Studio album by Dalriada
- Released: 12 February 2011
- Genre: Folk metal
- Length: 51:45
- Language: Hungarian
- Label: AFM

Dalriada chronology
| Arany-album (2009) | Ígéret (2011) | Napisten Hava (2012) |

= Ígéret =

Ígéret is the seventh studio album of the Hungarian folk metal band Dalriada. This is their first album that includes a song not only in Hungarian, since "Leszek A Hold" has Finnish verses, sung by Jonne Järvelä of Korpiklaani. The album title means "promise" in Hungarian.

==Style==
Ígéret combines metal elements like male and female growling with clean song and Hungarian folk, featuring a power metal ballad, "Mennyei Harang" as well as contrapuntal solos. Strong vocal melodies have been observed throughout the album. Apart from influences of power metal, the album shows hints of thrash metal.

==Reception==

The album received favourable reviews from various webzines. Onemetal.com and the Austrian Stormbringer webzine lauded the successful combination of metal and folk and the songwriting on Ígéret. The latter remarked the diversity of the various tracks and singer Laura Binder's skill in clean vocals and growls. The German edition of Metal Hammer awarded five out of seven points to the album in a 2011 rating. The Metal Forces magazine was equally positive about Binder's clean vocals and noted that Dalriada did not use as much growling as other bands of the genre.

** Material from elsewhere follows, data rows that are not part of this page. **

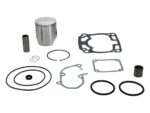 Wiseco Piston Kit Kawasaki KX125 '04-08 (834M) - Image 6
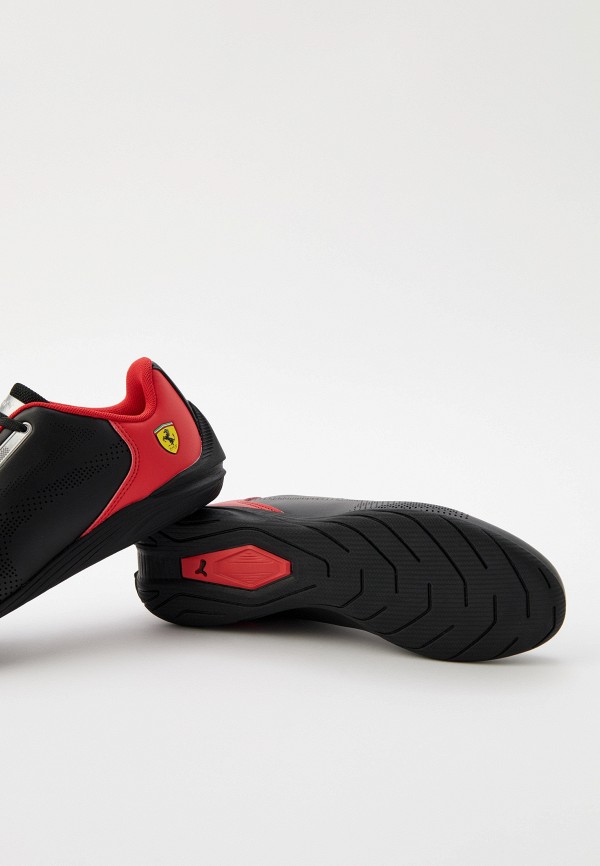 PUMA Кроссовки - Ferrari Drift Cat Decima 2.0 - фото 5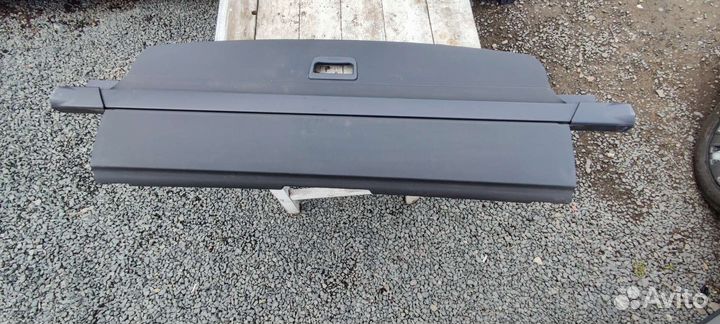 Шторка багажника шкода октавия А5 универсал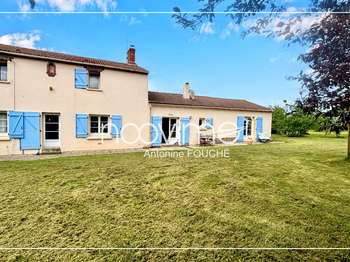 Vente Maison 3 chambresSaint-Père-en-Retz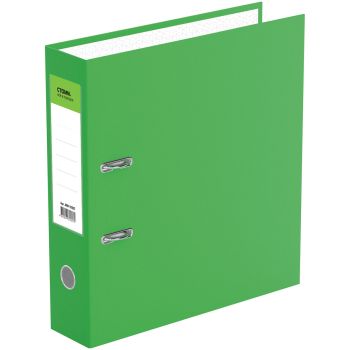 Папка-регистратор СТАММ 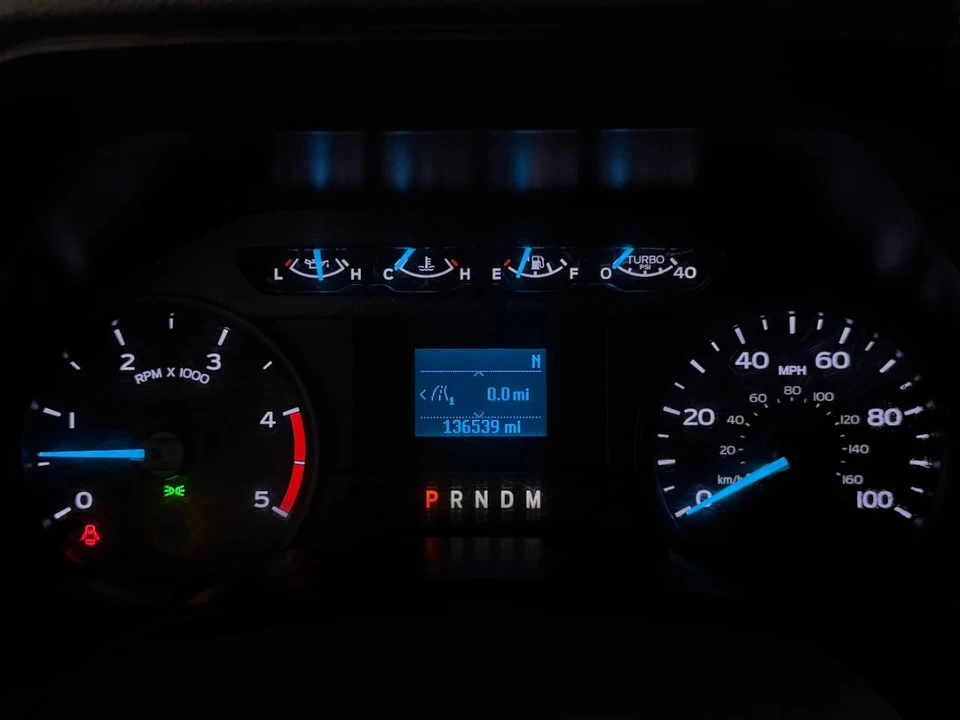 2022 Ford Super Duty 4th Gen - Image 14 of 20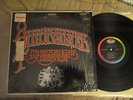 QUICKSILVER MESSENGER SERVICE - s/t 1st Lp in shrink 1st press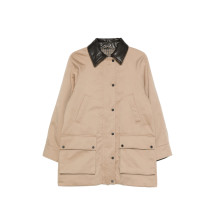 [Brunello Cucinelli] Coat FW26 ML5977643P  C631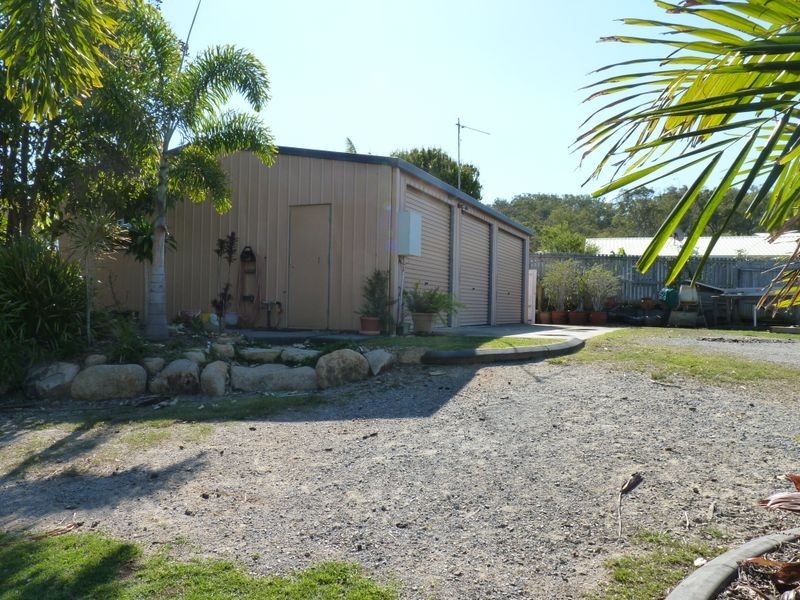 3 Werite Court, Boyne Island QLD 4680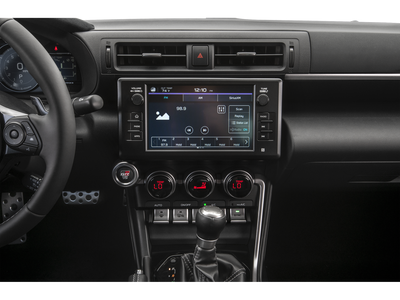 2026 Toyota GR86 Premium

Ígéret was also a commercial success and peaked at position 6 in the Hungarian Mahasz official charts.

Professional ratings
Review scores
| Source | Rating |
| Metal Forces | 6.5/10 |
| Metal Hammer (Germany) | 5/7 |
| Onemetal.com | Star Half star |
| Stormbringer | Star |

==Track listing==

The song "Igazi Tűz [True Fire]" is a tribute to former band member Péter Hende who died unexpectedly in 2001.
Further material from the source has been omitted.